Okrajno sodišče in Ljubljana has rejected Agrokor’s appeal to the ruling of the Public Agency for the Protection of Competition of the Republic of Slovenia (Javna agencija za varstvo konkurence) dated 16th December 2019, whereby the Agency issued an order to temporarily seize Agrokor’s shares in Mercator as security for the enforcement of the non-final ruling of the Agency of September 2019 imposing a fine of EUR 53.9m on Agrokor due to an alleged misdemeanor – failure to file for concentration.

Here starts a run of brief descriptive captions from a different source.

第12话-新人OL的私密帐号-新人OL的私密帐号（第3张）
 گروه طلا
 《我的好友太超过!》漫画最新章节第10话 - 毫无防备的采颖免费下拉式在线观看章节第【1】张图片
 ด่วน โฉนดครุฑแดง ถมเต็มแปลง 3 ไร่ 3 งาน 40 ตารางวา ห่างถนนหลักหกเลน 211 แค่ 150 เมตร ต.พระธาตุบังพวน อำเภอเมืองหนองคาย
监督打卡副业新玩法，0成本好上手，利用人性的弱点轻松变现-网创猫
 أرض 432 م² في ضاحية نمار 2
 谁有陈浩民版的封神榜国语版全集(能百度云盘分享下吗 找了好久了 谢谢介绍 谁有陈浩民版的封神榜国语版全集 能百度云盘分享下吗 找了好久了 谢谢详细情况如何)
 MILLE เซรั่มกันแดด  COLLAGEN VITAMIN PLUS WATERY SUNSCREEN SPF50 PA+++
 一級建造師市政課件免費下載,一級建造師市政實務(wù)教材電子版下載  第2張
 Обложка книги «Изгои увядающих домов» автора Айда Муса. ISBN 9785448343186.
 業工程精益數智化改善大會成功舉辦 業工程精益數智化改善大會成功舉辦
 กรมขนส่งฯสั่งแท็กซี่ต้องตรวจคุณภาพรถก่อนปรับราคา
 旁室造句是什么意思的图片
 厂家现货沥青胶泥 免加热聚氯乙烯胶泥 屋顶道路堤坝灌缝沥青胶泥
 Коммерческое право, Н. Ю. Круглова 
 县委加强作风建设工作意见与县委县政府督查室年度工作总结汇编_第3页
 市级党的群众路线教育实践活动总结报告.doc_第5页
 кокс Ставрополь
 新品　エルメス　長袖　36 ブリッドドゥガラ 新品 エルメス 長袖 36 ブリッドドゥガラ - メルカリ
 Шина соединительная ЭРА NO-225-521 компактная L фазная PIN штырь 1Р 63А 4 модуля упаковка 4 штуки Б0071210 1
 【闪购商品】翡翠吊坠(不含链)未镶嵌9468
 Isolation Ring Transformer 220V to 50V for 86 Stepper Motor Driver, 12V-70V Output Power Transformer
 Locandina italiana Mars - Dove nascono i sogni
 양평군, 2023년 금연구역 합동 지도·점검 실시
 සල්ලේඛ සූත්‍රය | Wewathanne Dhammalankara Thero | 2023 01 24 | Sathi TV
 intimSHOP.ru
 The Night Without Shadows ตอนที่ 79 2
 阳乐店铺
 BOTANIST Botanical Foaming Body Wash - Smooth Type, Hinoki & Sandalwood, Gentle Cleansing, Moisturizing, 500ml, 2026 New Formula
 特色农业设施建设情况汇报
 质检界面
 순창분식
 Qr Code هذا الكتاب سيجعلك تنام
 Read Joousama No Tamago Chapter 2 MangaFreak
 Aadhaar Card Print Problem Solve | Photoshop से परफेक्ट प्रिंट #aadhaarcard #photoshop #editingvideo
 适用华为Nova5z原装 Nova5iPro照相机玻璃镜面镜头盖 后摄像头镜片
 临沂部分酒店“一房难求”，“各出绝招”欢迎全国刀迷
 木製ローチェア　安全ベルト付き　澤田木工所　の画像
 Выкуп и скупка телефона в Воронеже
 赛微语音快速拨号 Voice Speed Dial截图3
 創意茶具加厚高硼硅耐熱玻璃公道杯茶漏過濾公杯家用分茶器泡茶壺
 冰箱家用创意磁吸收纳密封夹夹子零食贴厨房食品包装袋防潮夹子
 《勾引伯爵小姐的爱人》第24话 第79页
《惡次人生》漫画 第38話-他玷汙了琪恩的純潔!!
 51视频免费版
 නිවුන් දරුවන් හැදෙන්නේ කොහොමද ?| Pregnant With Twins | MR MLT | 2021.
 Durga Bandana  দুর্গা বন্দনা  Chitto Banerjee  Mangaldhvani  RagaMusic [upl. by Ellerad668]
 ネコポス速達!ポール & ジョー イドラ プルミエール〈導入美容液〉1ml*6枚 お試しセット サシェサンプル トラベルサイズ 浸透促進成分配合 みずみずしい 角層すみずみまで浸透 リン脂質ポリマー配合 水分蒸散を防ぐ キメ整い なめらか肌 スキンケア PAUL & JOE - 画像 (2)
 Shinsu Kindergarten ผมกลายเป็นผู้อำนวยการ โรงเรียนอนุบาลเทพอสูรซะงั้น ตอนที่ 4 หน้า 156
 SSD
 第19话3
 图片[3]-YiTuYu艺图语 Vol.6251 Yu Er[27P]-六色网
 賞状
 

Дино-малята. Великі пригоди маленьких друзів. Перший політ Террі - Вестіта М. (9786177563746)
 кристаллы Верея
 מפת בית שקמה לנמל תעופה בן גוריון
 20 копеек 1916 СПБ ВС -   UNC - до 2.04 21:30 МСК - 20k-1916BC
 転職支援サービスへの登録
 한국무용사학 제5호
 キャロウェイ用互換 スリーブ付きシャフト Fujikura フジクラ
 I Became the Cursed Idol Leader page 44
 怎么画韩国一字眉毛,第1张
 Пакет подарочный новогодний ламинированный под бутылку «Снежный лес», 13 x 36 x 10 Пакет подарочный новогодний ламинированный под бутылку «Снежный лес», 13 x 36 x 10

Agrokor expresses regret over the decision of the competent court in Ljubljana that has made the Agency’s decision final and non-appealable. As the explanation of the decision of the court Okrajno sodišče of Ljubljana is unconvincing and legally weak, Agrokor still holds that the Agency’s decision is unconstitutional, arbitrary and unlawful as well as that in passing the ruling on the interim seizure of shares the Agency also grossly breached procedural provisions. In order to achieve the annullment of the Agency’s final and non-appealable decision, Agrokor shall use all available legal means against the decision of the Agency and the decision of the Court Okrajno sodišče of Ljubljana, all with a view to exercising its ownership authorities in Mercator. You can read more here.
The Public Agency of the Republic of Slovenia for the Protection of Competition (Javna agencija Republike Slovenije za varstvo konkurence (AVK)) passed a decision on December 16th, 2019 whereby it has temporarily seized the shares of Mercator d.d. from Agrokor d.d. Unprecedented in the working practice of this Slovenian regulatory agency to date, this decision amounts to an expropriation of the private property of Agrokor d.d. by way of an interim seizure of Mercator shares, without any underlying court decision and with no valid legal justification.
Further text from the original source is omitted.